I completely enjoyed writing everyday. Rather than running out of ideas, the more I wrote, read, browsed, the more things just poured out of my poor over stimulated brain. I had a lot of fun with the Perils of Paul, Sweet Saturday and Savoury Sunday, finally got to do some of the blogging and family research posts I wanted and followed along with my cousin's Tuesday Coffee Chat. Throw in a few others, the SOC post being my favourite, and it was done. I have ideas for at least another month of posts. But.....

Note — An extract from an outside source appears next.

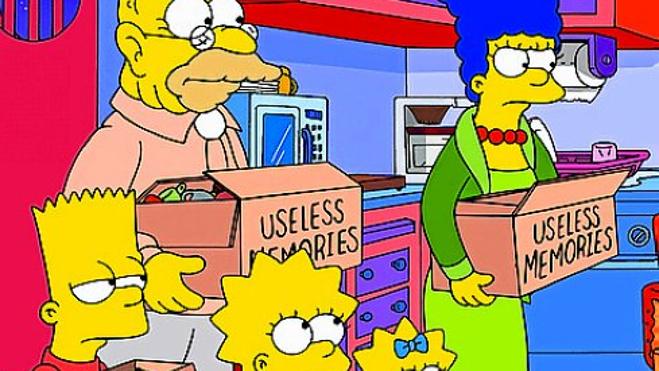 FOX renueva 'Los Simpsons'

I had no idea how much time it would take. I like to write, pen and paper write. Put a keyboard in front of me and all of a sudden things slow right down.... to a crawl. My nights for the last month have been taken up putting these grand ideas down. It represents hours and hours and hours of time. I've never been one of those jot down an awesome post in 15 minutes kind.
I write, spellcheck, curse Blogger's version of spellcheck because it really isn't spellchecking English as I know it, edit, cut, copy and paste that part over to here so it makes more sense, expand on that, re read then remove that because now the post is just getting way too long, preview, save as draft, then start all over again tomorrow before I actually publish or schedule to publish. I blame past high school and university profs for instilling essay writing skills so deeply in my brain.
Thank God I don't, as of yet, use any of the social media to push my blog. I don't tweet, stumble, link or any thing else or I would be sitting in front of my computer well into the new year.
Throw in reading other people's posts, dropping a comment here and there and all of a sudden enormous chunks of my night are just gone. This whole month has just flown by. My house looks like a hurricane swept through it, there is laundry to do, my recipe files have to be resorted after an unfortunate clumsy incident, Christmas decorating to be done, holiday baking not even started yet, no shopping for holiday baking, over 300 family emails to go through to sort out family data and pictures, 70 recipe emails to re write and eventually post and on and on and on. Strangely, life did not pause so I could take the month off and write. Damn.
I would love to write for a living, doing this has re affirmed that for me. I don't so unfortunately real life has got to re assert itself. I've got a bunch of catching up to do. Until Toronto goes through 30 days of night like Barrow (minus the vampire attack). I'm going to have to take a bit of a break and cut back on my online time. I'll miss it though. First thing on the adgenda, a night of beer and bad television.
How do you find the time to do your blog posts?